- Data supplied
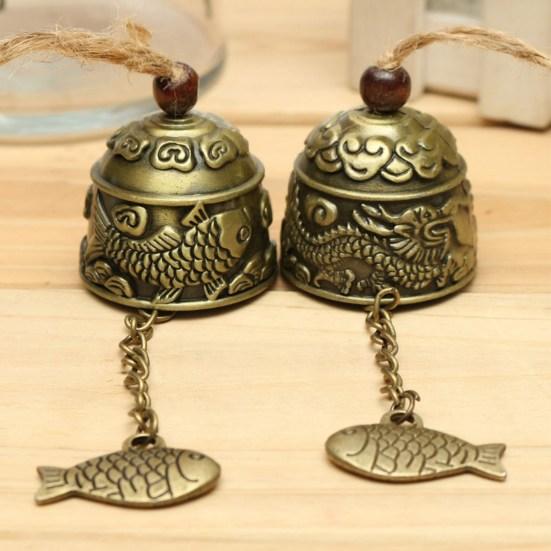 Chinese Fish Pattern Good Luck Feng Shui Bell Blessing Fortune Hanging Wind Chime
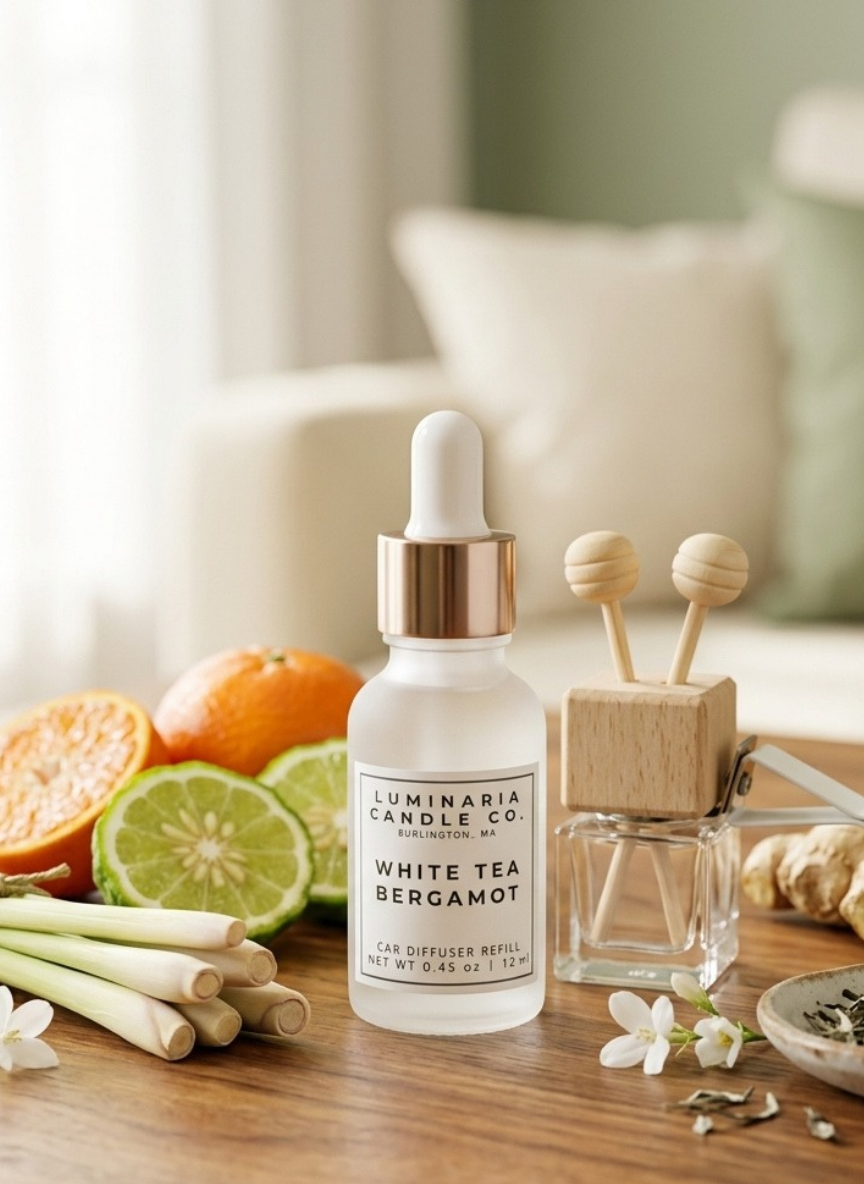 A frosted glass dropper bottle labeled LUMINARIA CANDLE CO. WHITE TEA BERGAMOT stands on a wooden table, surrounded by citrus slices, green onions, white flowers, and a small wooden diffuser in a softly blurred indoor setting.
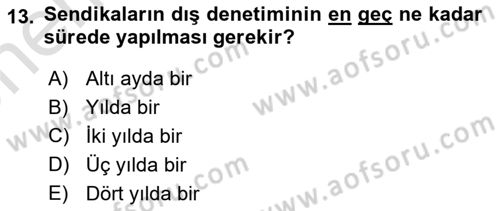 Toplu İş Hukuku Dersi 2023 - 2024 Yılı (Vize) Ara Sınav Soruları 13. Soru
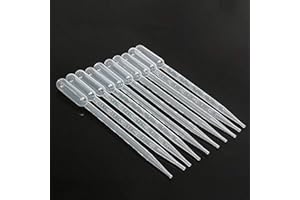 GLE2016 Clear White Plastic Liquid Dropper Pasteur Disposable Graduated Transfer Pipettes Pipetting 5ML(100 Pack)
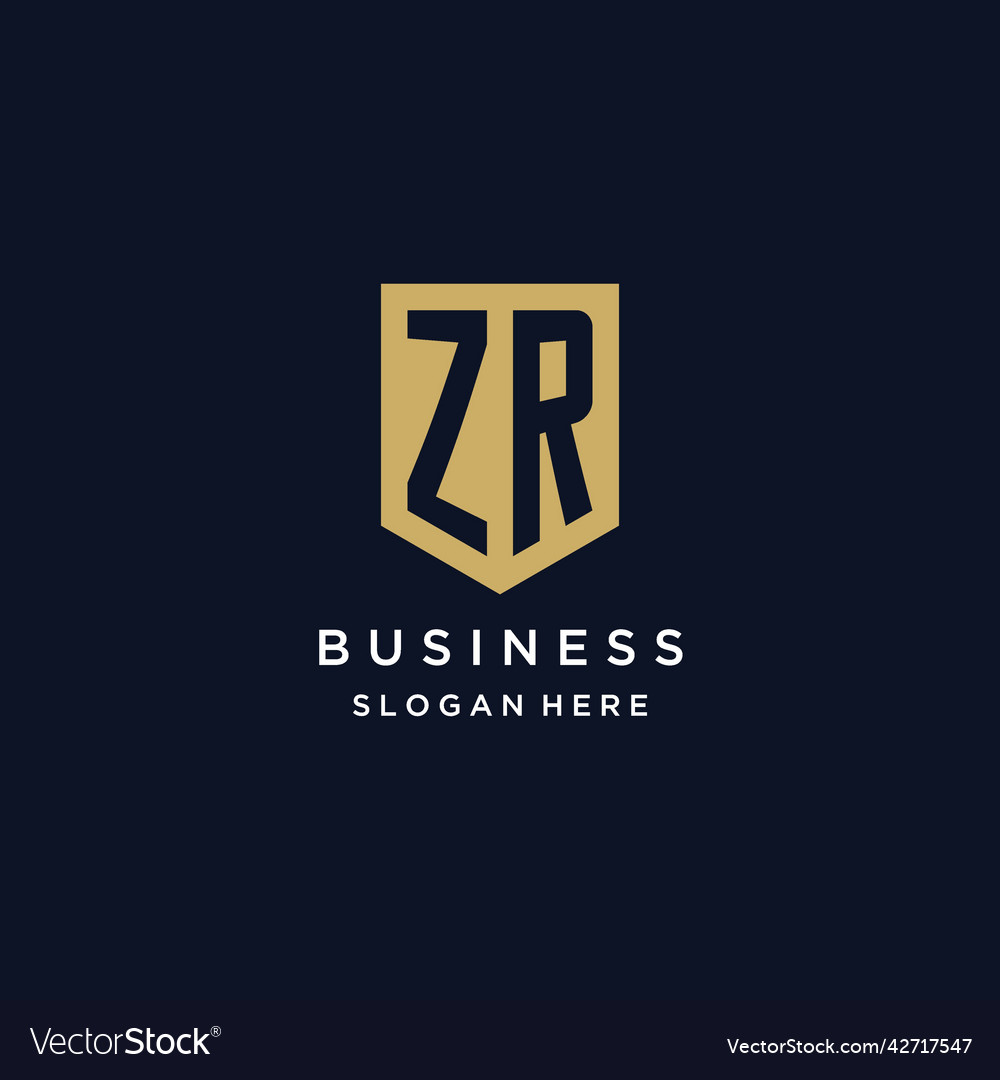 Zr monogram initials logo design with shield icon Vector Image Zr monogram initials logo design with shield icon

- What is expected
An exact reproduction of the lines from the line containing "GLE2016 Clear White" through the end of the listing above is needed; pictures stay out.

- Exercise response
 GLE2016 Clear White Plastic Liquid Dropper Pasteur Disposable Graduated Transfer Pipettes Pipetting 5ML(100 Pack)
 Zr monogram initials logo design with shield icon Vector Image Zr monogram initials logo design with shield icon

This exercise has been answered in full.